• _YOUR GOAL_
Leaving pictures aside, restate exactly the lines of the data below, from the first one through the line that contains "Dogo Argentino Welpen".

Collection entries:
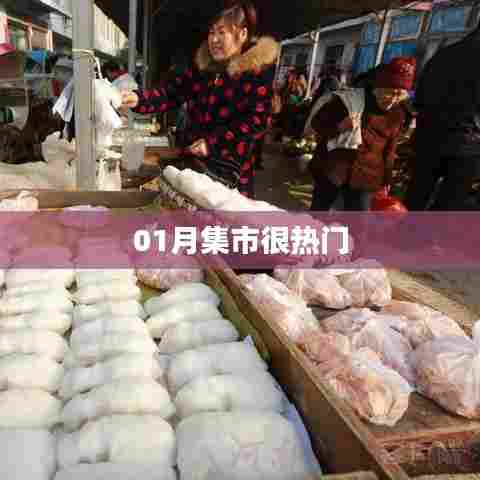 01月集市火热进行中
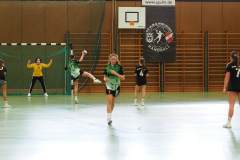 wC_2025_23_11_Lindau0081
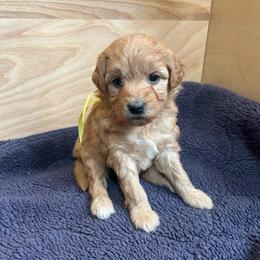 Gold Collar - Apricot female Goldendoodle puppy in Denison, Iowa from Violet View Iowa Goldendoodles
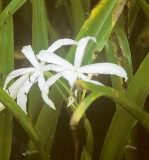 blooming florida swamp lily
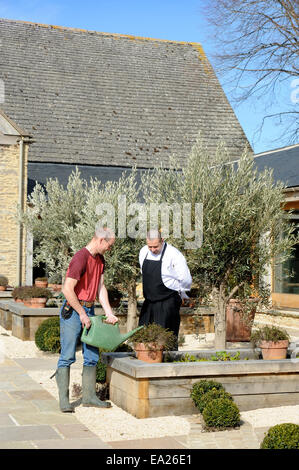 A gardener watering raised beds of herbs with the chef of a cookery school at Thyme at Southrop Manor Estate, Gloucestershire UK Stock Photo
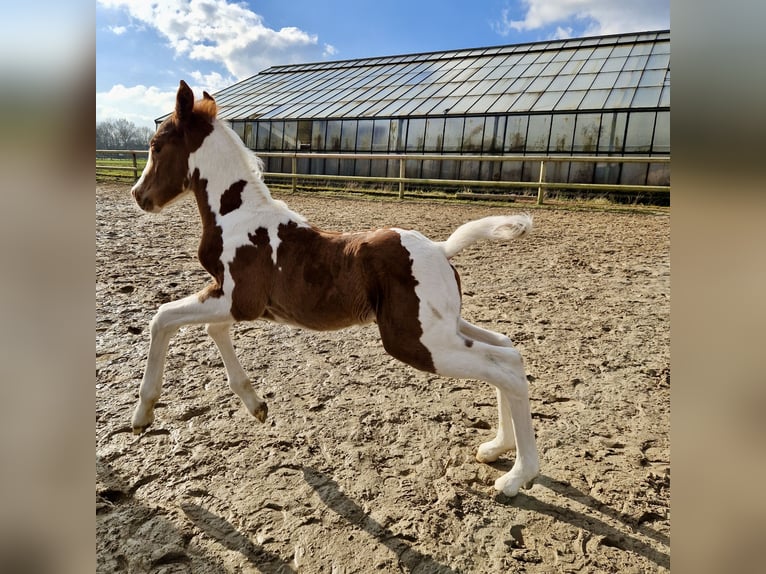 Paint Horse Hengst Fohlen (02/2025) 152 cm Tobiano-alle-Farben in Dormagen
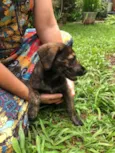 Cachorro raça Sem Raça Definida idade 2 a 6 meses nome Sem nome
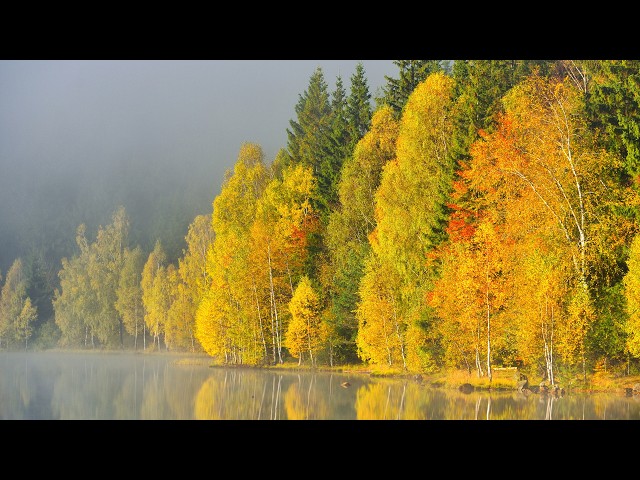 Autumn's Golden Forest, Instrumental Acoustic Indie/Folk Playlist, Chill Music, Open Road Folk Music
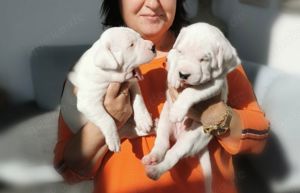 Dogo Argentino Welpen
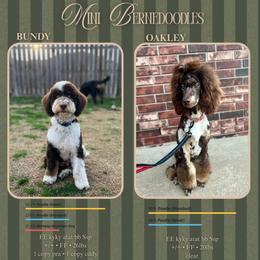 Bernedoodle puppies from Kallams Bernedoodles & Bernese Mountain Dogs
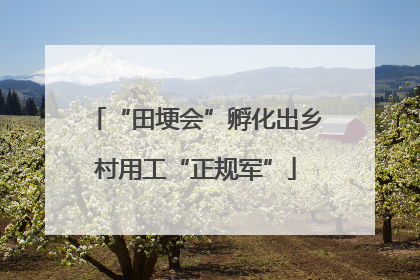 “田埂会”孵化出乡村用工“正规军”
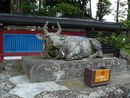 飛騨天満宮社殿前に安置されている信仰の対象になっていると思われる石造撫で牛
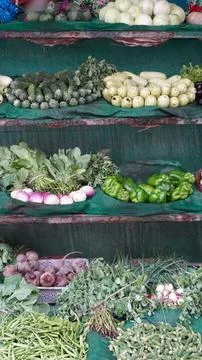 Multi level vegetable shelf loaded with squash, greens, peppers, beets Stock Photos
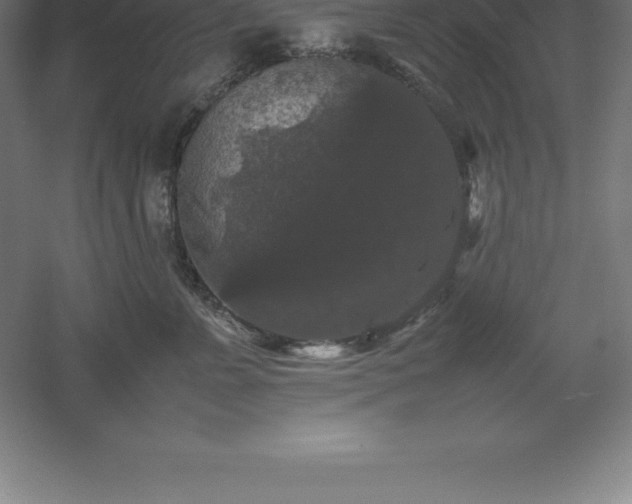 X0000061140715200511241804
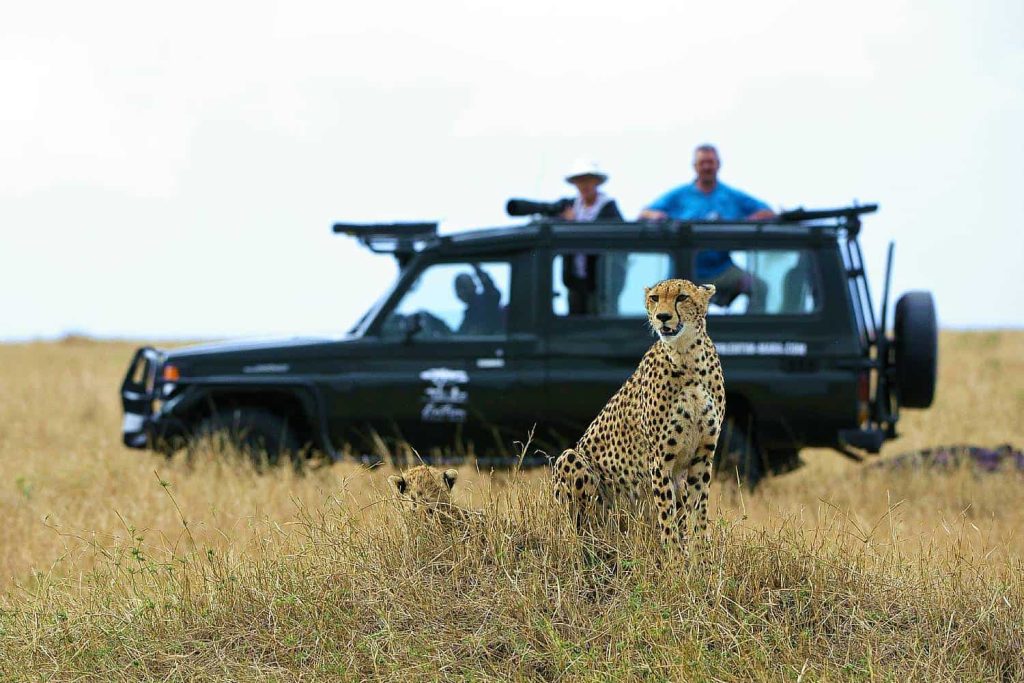 Entim Camp Area: Mara Safari the Migration Route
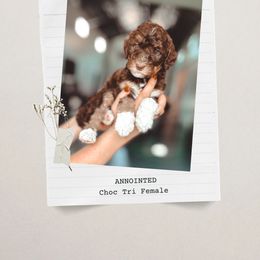 Anointed - Tri-color female Bernedoodle puppy in Jackson, Missouri from Pincksten Family Doodles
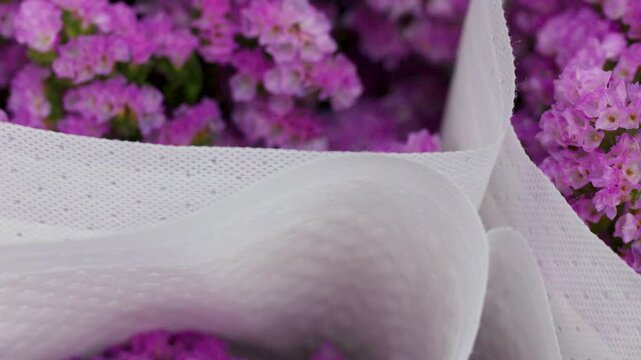 Fresh Purple Statice Flowers Wrapped in Paper at Floral Market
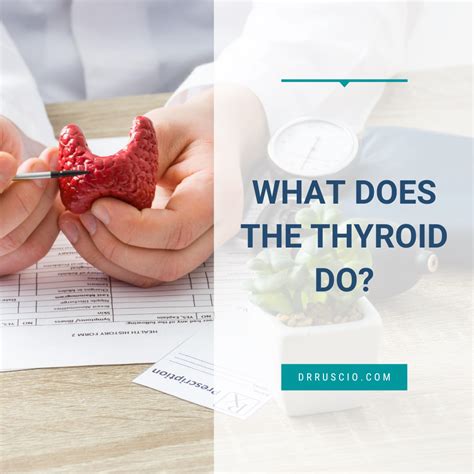 What Does The Thyroid Do Dr Michael Ruscio Dnm Dc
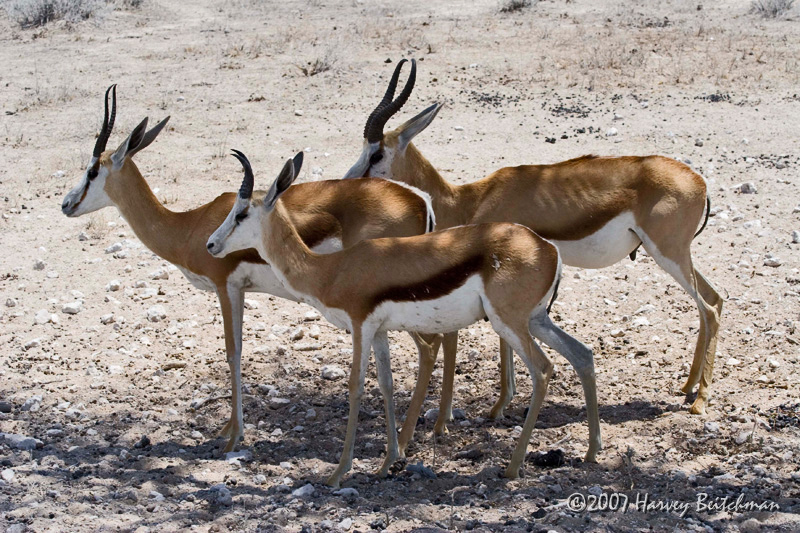 Springbok 1558.jpg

• _TASK OUTPUT_
 01月集市火热进行中
 wC_2025_23_11_Lindau0081
 Gold Collar - Apricot female Goldendoodle puppy in Denison, Iowa from Violet View Iowa Goldendoodles
 blooming florida swamp lily
 A gardener watering raised beds of herbs with the chef of a cookery school at Thyme at Southrop Manor Estate, Gloucestershire UK Stock Photo
 Paint Horse Hengst Fohlen (02/2025) 152 cm Tobiano-alle-Farben in Dormagen
 Cachorro raça Sem Raça Definida idade 2 a 6 meses nome Sem nome
 Autumn's Golden Forest, Instrumental Acoustic Indie/Folk Playlist, Chill Music, Open Road Folk Music
 Dogo Argentino Welpen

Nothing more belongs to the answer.